An international team of astronomers has announced the detection of two of the earliest and most distant galaxies known. The light of both of them comes from just 300 million years after the Big Bang and it was possible to observe them only thanks to the power of the James Webb Space Telescope (JWST).
The galaxies are located in a region near the Hubble Ultra Deep Field, the famous observations by the Hubble Space Telescope showing some of the most distant galaxies known at the time.
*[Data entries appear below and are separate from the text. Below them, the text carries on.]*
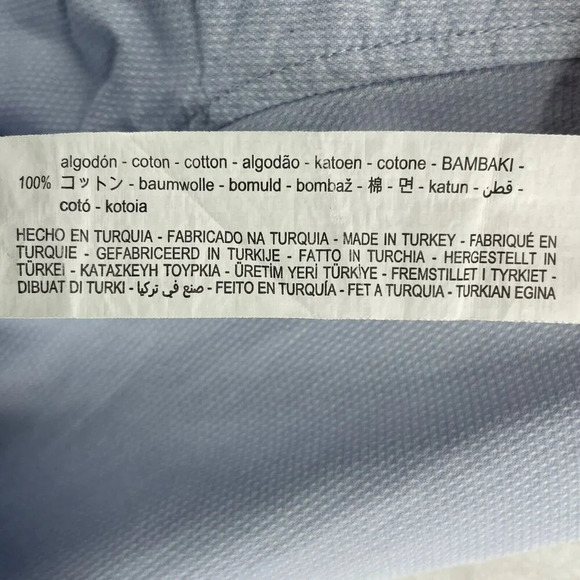 Zara Kids Button Up Shirt Boys Sz 9 Blue Textrured Slim Fit Collared Long Sleeve - Picture 9 of 10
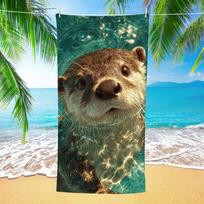 Adorable Otter with Shell Beach Towel Soft Watercolor Art Towel for All Ages Great for Pool Days and Family Outings 130x80cm blue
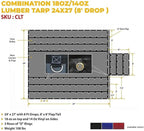 Mytee Products 2 Pack Truck Flatbed Trailer Tarps Combination Lumber Tarp 24x27 (8' Drop) - Black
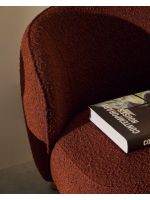 ALBA fauteuil en tissu shearling choix de couleur et pieds en bois de hêtre massif naturel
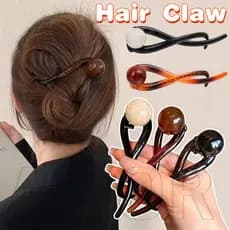 Grampo De Cabelo De Rabo De Cavalo Pérola-Grampos De Cabeça Traseira-Moda , Vintage , Doce-Garra Torcida Em Forma De S-P
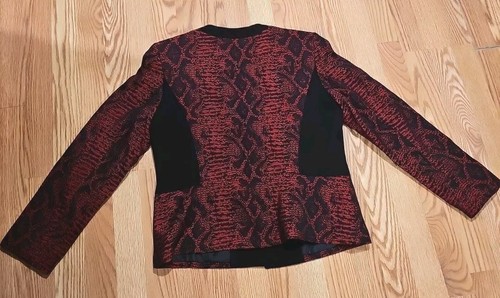 Kasper Blazer Women's Black Red Snake Print Pattern Long Sleeve Open Jacket Sz 8 - Picture 7 of 7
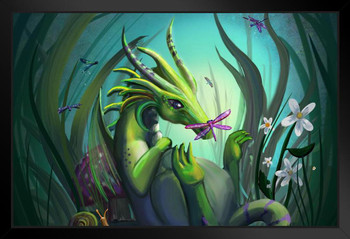 Baby Green Dragon Garden by Rose Khan Cool Wall Decor Art Print Black Wood Framed Poster 14x20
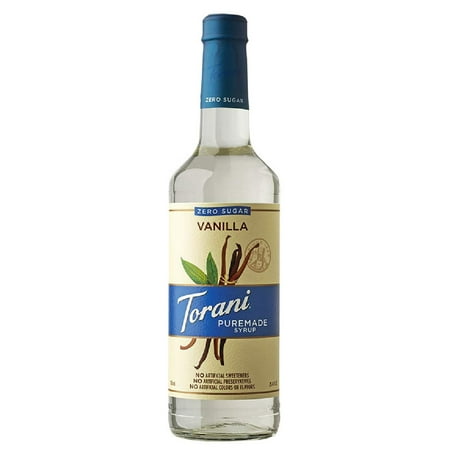 Torani Puremade Syrup  Zero Sugar Vanilla Flavor  Glass Bottle  Natural Flavors  25.4 Fl. Oz  750 Ml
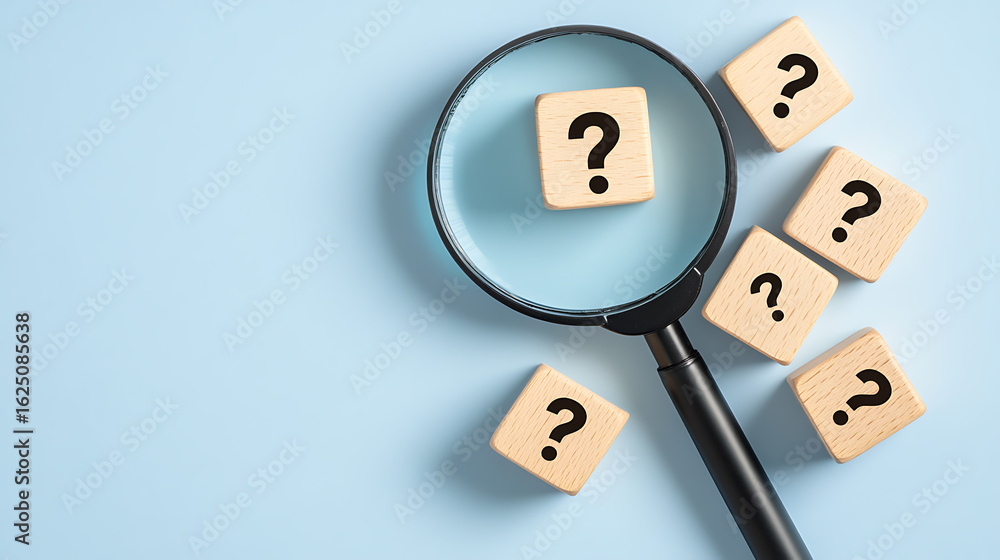 Poster exploring the unknown: magnifying glass focused on question mark blocks. uncertainty and inquiry are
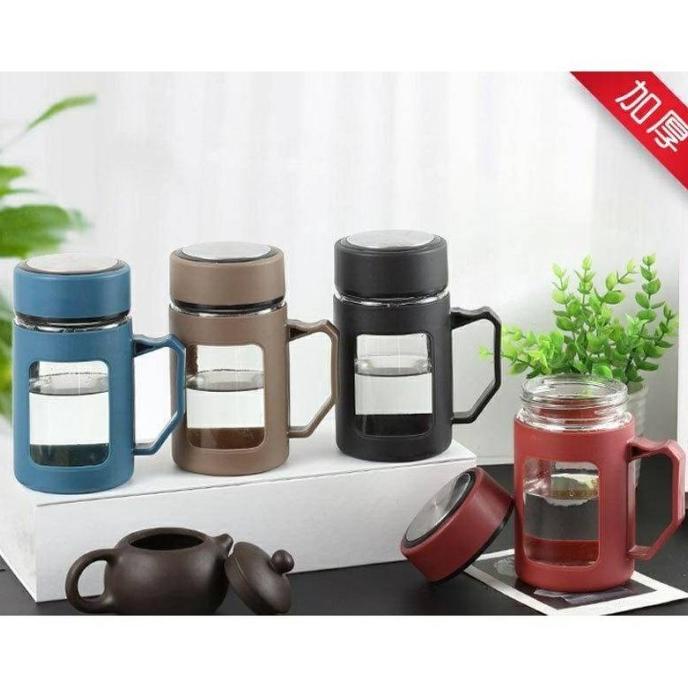 Termantab] Botol Kaca Cangkir Botol Minum Kaca Model Gelas Mug Minum Kaca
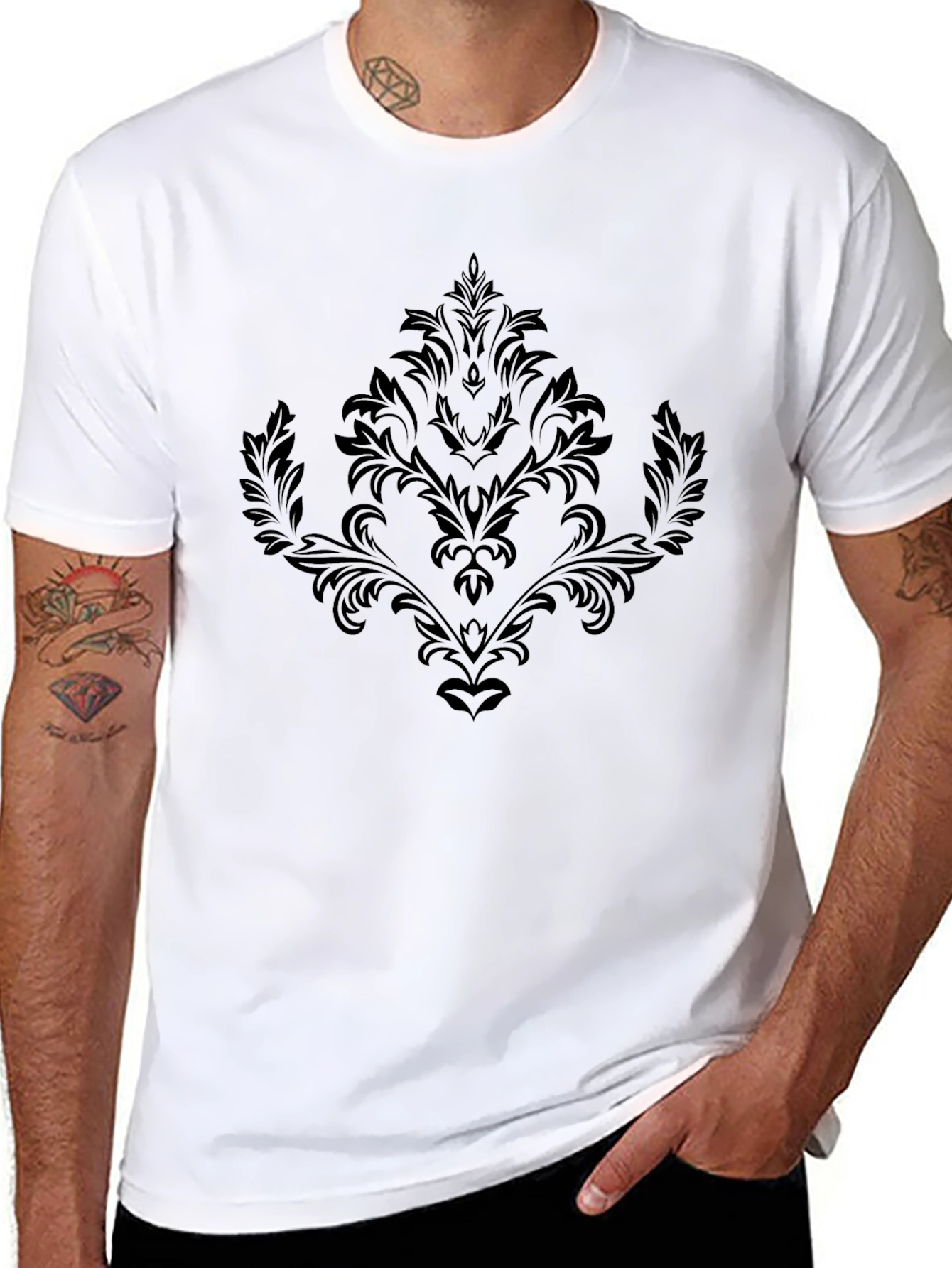 Mens Black T-Shirt with Ornamental Design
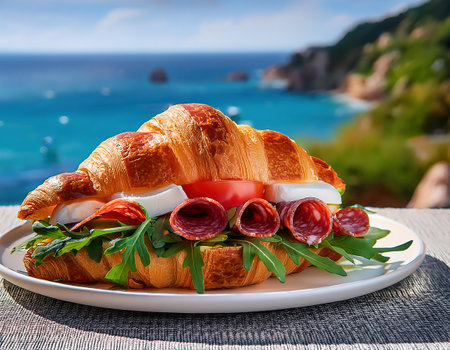 Croissant sandwich with salami and arugula on the table.の素材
JWST’s larger mirrors and infrared capabilities allowed astronomers to see even farther into the universe.
“These galaxies join a small but growing population of galaxies from the first half billion years of cosmic history where we can really probe the stellar populations and the distinctive patterns of chemical elements within them,” Dr Francesco D’Eugenio of the Kavli Institute for Cosmology at the University of Cambridge, one of the team behind the discovery, said in a statement.
The results are part of the JWST Advanced Deep Extragalactic Survey (JADES) and they are known as JADES-GS-z14-0 and JADES-GS-z14-1, with the former slightly more distant than the latter.
The team was able to conduct a spectroscopic survey of the galaxies, breaking their light into a rainbow. Using this rainbow, the researchers were able to work out how far away they are and what kind of chemical elements were present. This is possible because chemical elements interact with light at specific wavelengths.
And that is not all. Due to the expansion of the universe, light is redshifted. This is similar to the Doppler effect, which changes the pitch of an ambulance’s siren if the vehicle is approaching or receding. In the case of these galaxies, their light is stretched out to extreme wavelengths.
“We are seeing extra emission from hydrogen and possibly even oxygen atoms, as is common in star-forming galaxies, but here shifted out to an unprecedented wavelength,” said Jakob Helton, a graduate student at the University of Arizona and lead author of one of the papers detailing the discovery.
JADES-GS-z14-0 is small compared to the Milky Way, but mighty. It is 1,600 light-years across and is forming stars at a rate 20 times faster than our own quiet galaxy. Before JWST, astronomers didn’t expect galaxies to become big, bright, and massive very quickly, but galaxies like this suggest that this is definitely a way that they can grow.
“JADES-GS-z14-0 now becomes the archetype of this phenomenon,” said Dr Stefano Carniani of the Scuola Normale Superiore in Pisa, lead author on the discovery paper. “It is stunning that the Universe can make such a galaxy in only 300 million years.”
JWST is designed to look for the most distant galaxies yet discovered, so expect this current record holder to be replaced relatively soon. These observations suggest that objects significantly closer to the Big Bang might soon be found.
“We could have detected this galaxy even if it were 10 times fainter, which means that we could see other examples yet earlier in the Universe—probably into the first 200 million years,” said Brant Robertson, professor of astronomy and astrophysics at the University of California-Santa Cruz, and lead author of a third paper on the team’s study of the evolution of these galaxies. “The early Universe has so much more to offer.”
The papers related to the discovery are waiting for peer review, but have been posted to arXiv. The Carniani paper confirmed the distance, the Helton paper is all about the galactic properties, and the Robertson paper provides insights into how such a galaxy managed to grow so big in such a short time.